Last month’s by-election in the federal seat of Batman in Melbourne’s inner-north was one of the most tightly contested in recent memory. The election shone a spotlight on the identity crisis facing Labor and the Greens after voters have been alienated by their right-wing policies.
Previously considered a safe Labor seat, the Greens have eaten into Labor’s vote share in recent years. In 2016, Labor barely held onto the seat with a 1% margin. The state seat of Northcote, in the same area, was lost to the Greens in 2017 with a swing of more than 11.5%. This process has also played out in Brisbane, where some progressive inner-city voters deserted Labor for the Greens in the Queensland state election last November.
For many people, the sheen has come off Labor’s token efforts to position itself as a progressive party. A prominent issue in Batman was Adani’s Carmichael coal mine, which Labor supported until being forced to moderate their stance somewhat during the Queensland election. Despite pressure from environmental activists, Bill Shorten has refused to rule out allowing the mine to be built if Labor is elected to federal government.
At the same time, around the country Labor is losing its traditional social base in the working class. This is because Labor governments consistently act against the interests of ordinary people; there is no support for the cuts and privatisations they carry through when they are in power.
A political vacuum clearly exists to the left of Labor. It came as a shock to some people that the Greens failed to fill this void in Batman. Not only did Labor cling to power, they increased their two-party preferred margin.
The most decisive reason for this was that Labor positioned itself more to the left than in previous campaigns in an attempt to win former Labor voters back from the Greens. Their candidate in Batman, former nurse and ACTU president Ged Kearney, was specifically chosen as a figure from Labor’s Left. Her slogan of “Action, Integrity, Real Change” was an attempt to set her apart from her predecessor David Feeney, best known for “forgetting” to declare that he owned a $2.3 million second property in Northcote.

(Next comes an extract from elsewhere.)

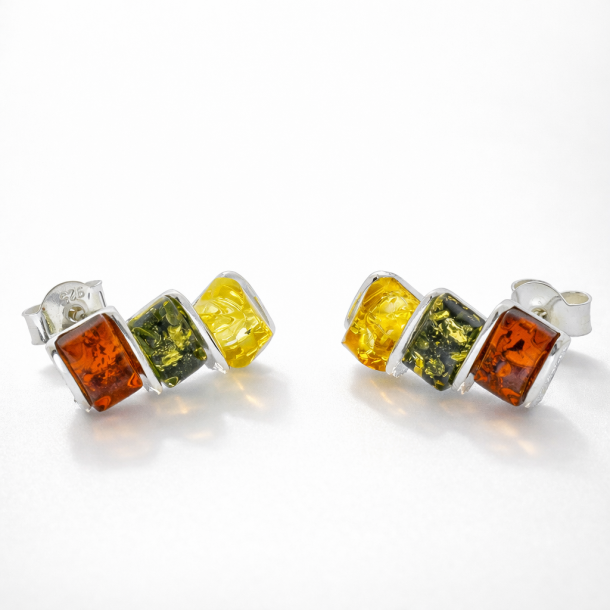 Tre farvede rav �restikker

Greens nominee Alex Bhathal’s campaign was seriously damaged by multiple internal leaks, including a 100-page dossier containing allegations of bullying behaviour. In addition, the bitter public factionalism within the Greens has contributed to a perception that they are the same as the other establishment parties.
However, a more important overall factor in the Greens’ lacklustre result is the party’s accelerating rightward trajectory and conscious orientation towards middle-class voters. Under Richard Di Natale, the Greens have further distanced themselves from their activist roots and sought to attract votes from more affluent areas, including from Liberal supporters. This strategy has been unable to attract the mass of working-class people who can be won to causes like refugee rights but whose main concerns are issues immediate to their own lives: low wages, jobs, and cost of living.
Kearney’s success does not mean Labor’s problems are over. Labor as a whole remains committed to a neoliberal agenda of helping banks, developers and other major firms profit at the expense of the community. While Kearney has criticised some aspects of Labor policy, such as its criminal treatment of refugees, she has committed to obeying party caucus discipline and voting with the majority in parliament. Any enthusiasm for her will wear off in time when the reality of Labor’s business-friendly, anti-worker policies are felt.
The fact that Labor was able to scrape back from the brink on the basis of a mild leftward turn shows that there is an appetite for left-wing politics. A more radical program could have galvanised even greater support. UK Labour leader Jeremy Corbyn demonstrated this last year when his call to raise the minimum wage and scrap university fees received a mass echo. Unfortunately, the Australian Labor bureaucrats are a million miles from Corbyn and there is no serious left challenger within their ranks on the horizon.
Opportunities to build a real left wing alternative to the major parties will increase as anger at the status quo develops further in Australia. The emerging movements for social and economic justice will seek an electoral expression. If Labor is not seen as a viable option, other formations will be thrown up. Building a new left party in Australia will be a crucial step in the fight for a democratic socialist society.